- Founded: 1917
- History: Toronto Hockey Club 1917–1918 Toronto Arenas 1918–1919 Toronto St. Patricks 1919–1927 Toronto Maple Leafs 1927–present
- Home arena: Arena Gardens
- City: Toronto, Ontario
- Team colours: Royal blue, white
- Owner(s): Toronto Arena Company 1917–18 Hubert Vearncombe 1918–19
- Stanley Cups: 1 (1918)

= Toronto Arenas =

Former hockey team in NHL

The Toronto Arenas or Torontos were a professional men's ice hockey team that played in the first two seasons of the National Hockey League (NHL).

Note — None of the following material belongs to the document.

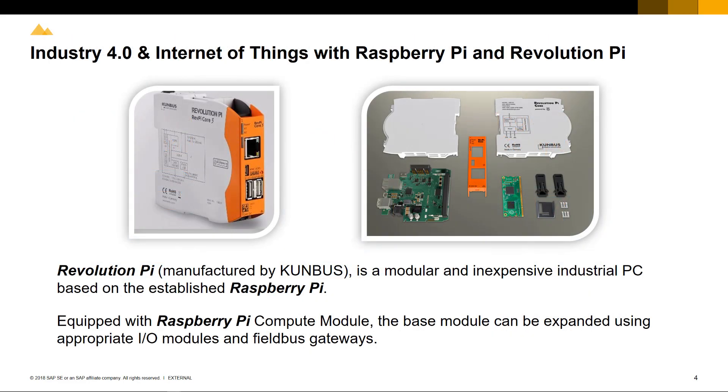Our factory demonstration today uses Raspberry Pi, extended with an additional I.O. module (input and output module), including field bus gateways, which represents the basis of Revolution Pi, a modular and inexpensive industrial PC.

It was operated by the owner of the Arena Gardens, the Toronto Arena Company. As the ownership of the National Hockey Association (NHA) Toronto Blueshirts franchise was in dispute, the new NHL league was started, and a temporary Toronto franchise was operated. The NHL itself was intended to only be a one-year entity until the NHA could be reactivated, although it never was.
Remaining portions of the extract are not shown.